### GIVEN RECORDS:
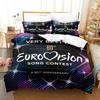 3 Pieces Adult Boys Bedroom Bedding Set Cartoon Anime Hip Hop Style Duvet Cover Set 2024 Quilt Cover Pillowcase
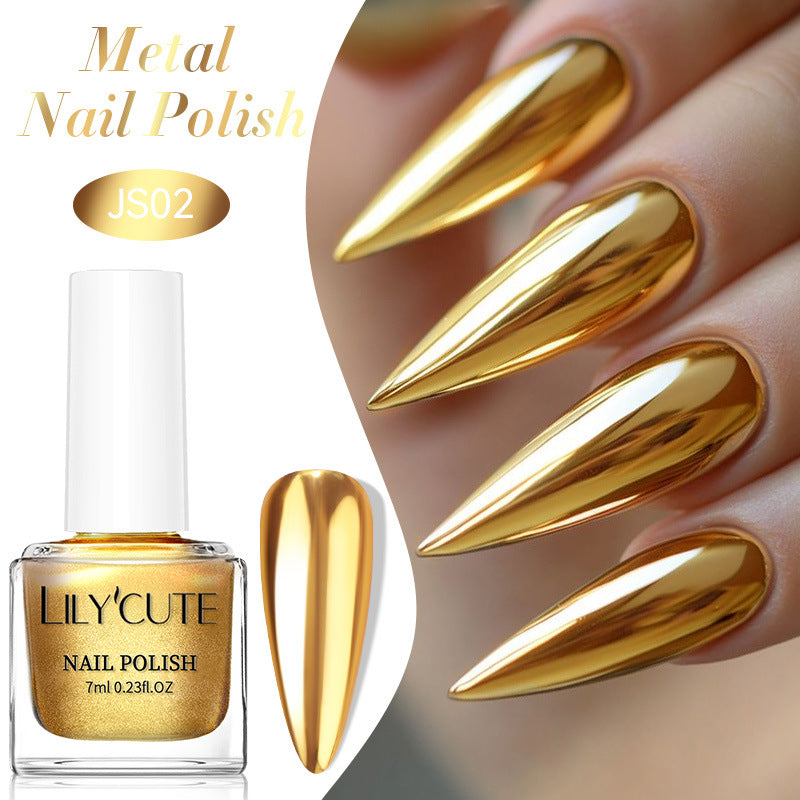 Metallic Mirror Nail Polish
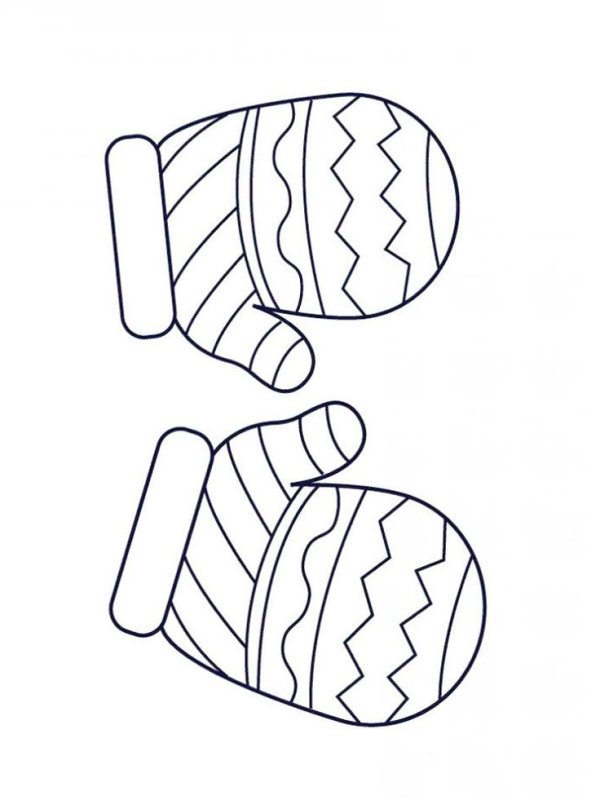 Раскраска. Рукавичка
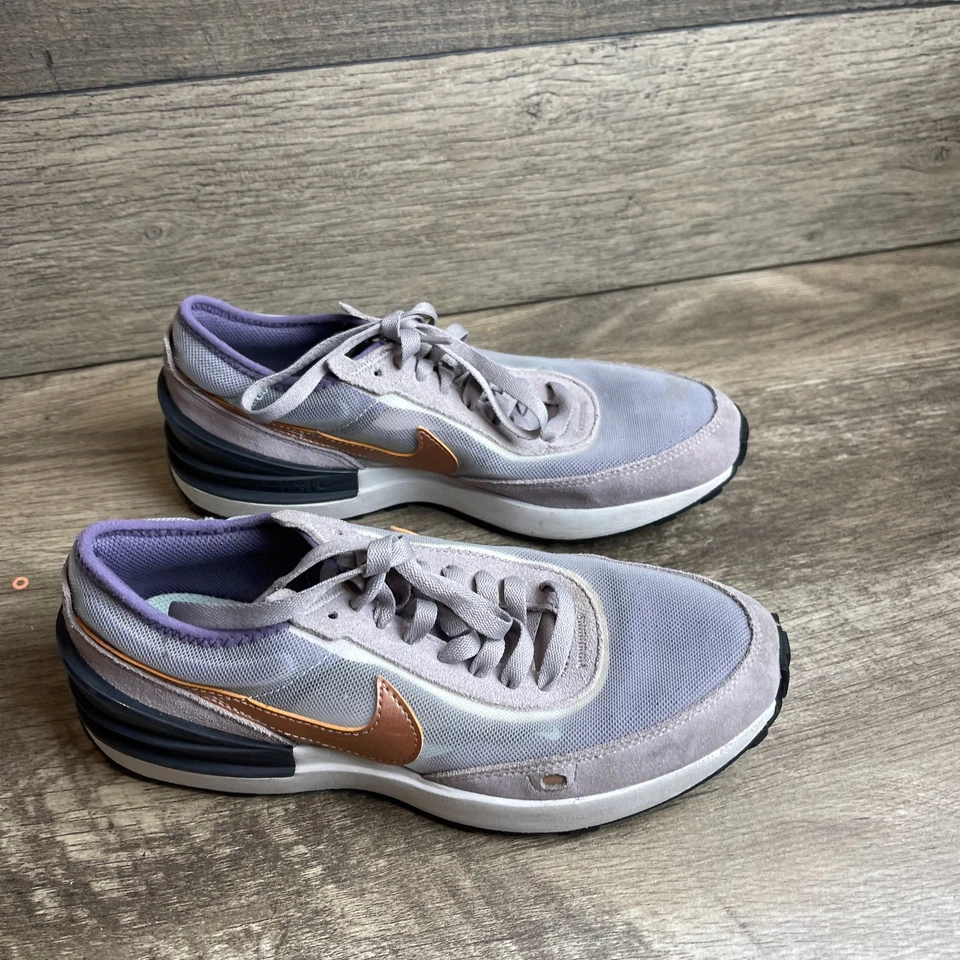 Nike Waffle One DC0481-102 Unisex Niños EE. UU. 6Y Zapatos Informales Amatista Ceniza Tenis Foto 4 de 4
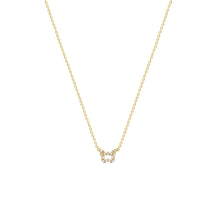 Load image into Gallery viewer, Sterling Silver Hole Butterfly Zircon Necklace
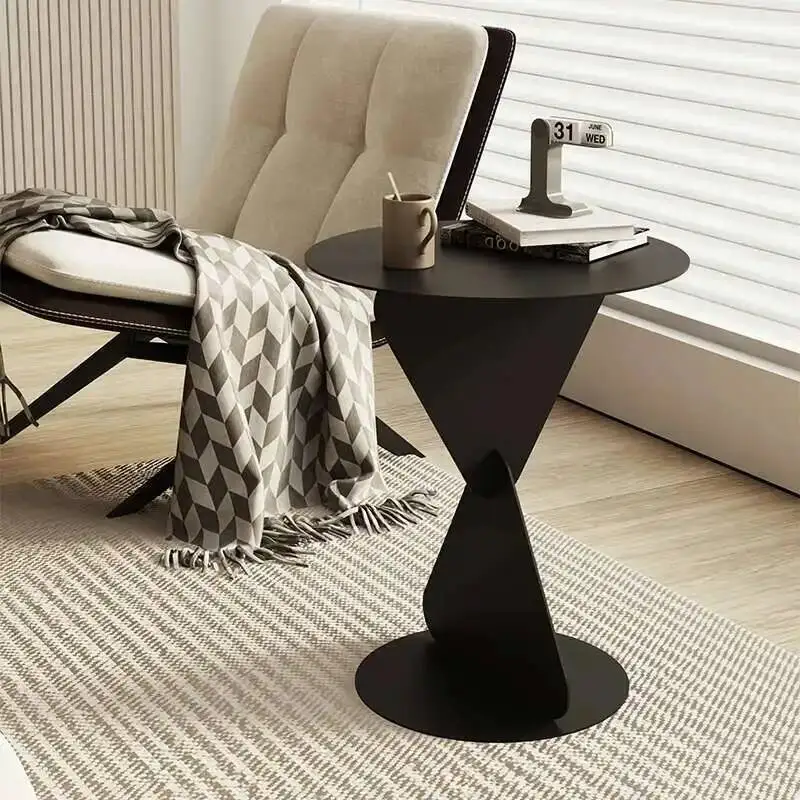 

Designer Modern Coffee Tables Living Room Nordic Black Irregular Storage Coffee Table Aesthetic Standing Mesa Plegable Furniture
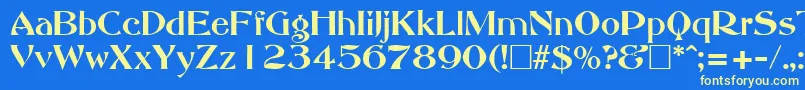 AbottoldstyleRegular Font – Yellow Fonts on Blue Background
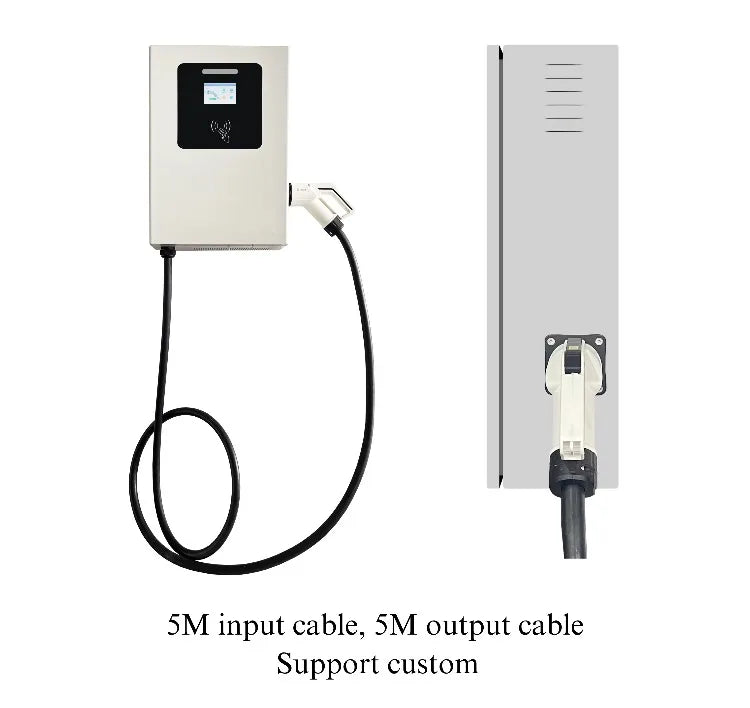 Fast Ev Charging Station CCS1 CCS2 CHAdeMO GBT 20KW 30KW 40KW Level 3 DC Electric Car Charger for Home Garage Use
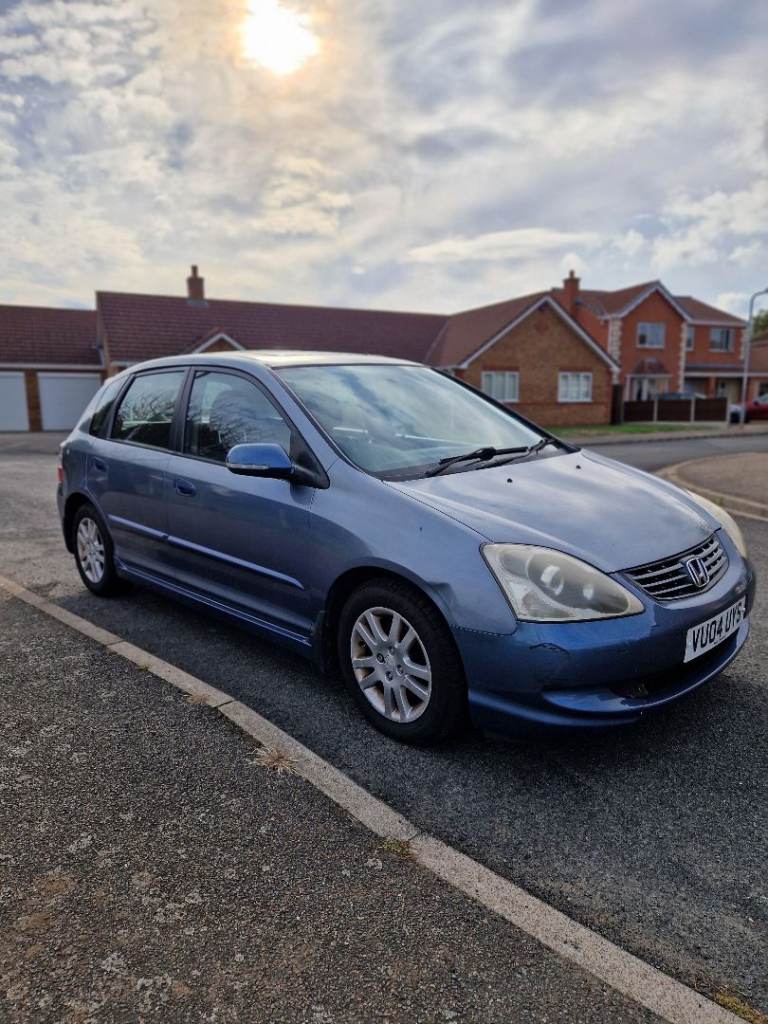 Honda Civic 04, 1.6, AUTOMATIC, only 84000 miles, 1 year MOT, leathers, sunroof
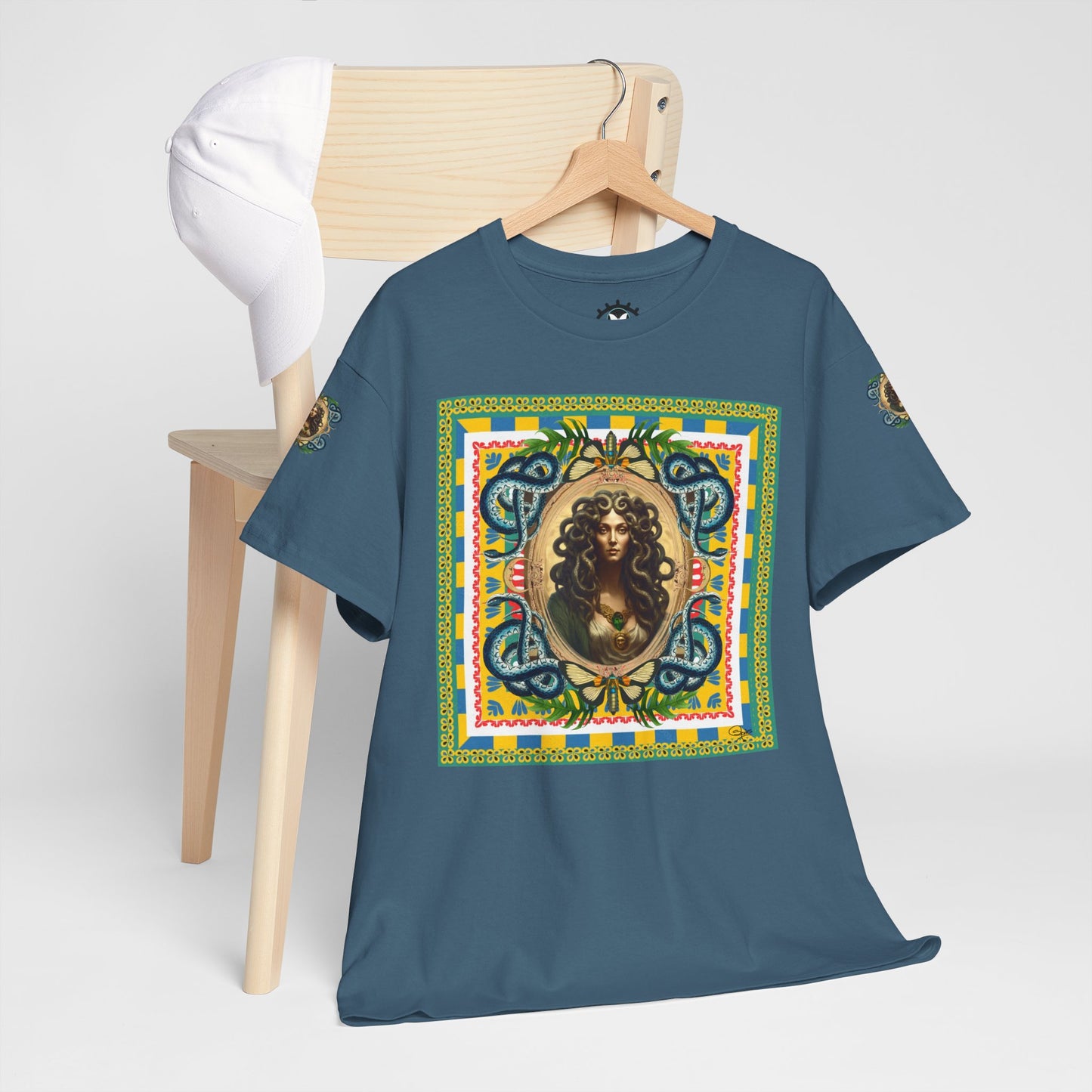 Mona Lisa Medusa - Unisex Cotton T-Shirt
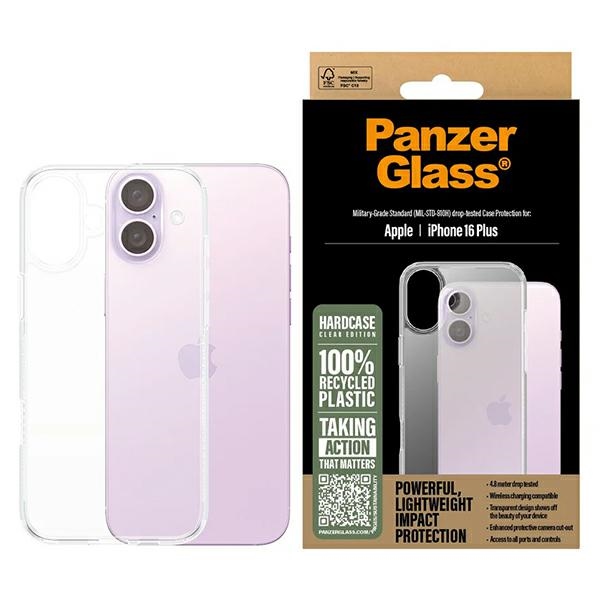 PanzerGlass kietasis dėklas iPhone 16 Plus 6.7" skaidrus 1289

### WHAT TO WORK ON:
Begin with the line containing "Honda Civic 04, 1.6, AUTOMATIC, only", stop at the last line of the records above, and copy every line in between exactly, both ends included, with no pictures.

### ANSWER:
 Honda Civic 04, 1.6, AUTOMATIC, only 84000 miles, 1 year MOT, leathers, sunroof
 Mona Lisa Medusa - Unisex Cotton T-Shirt
 PanzerGlass kietasis dėklas iPhone 16 Plus 6.7" skaidrus 1289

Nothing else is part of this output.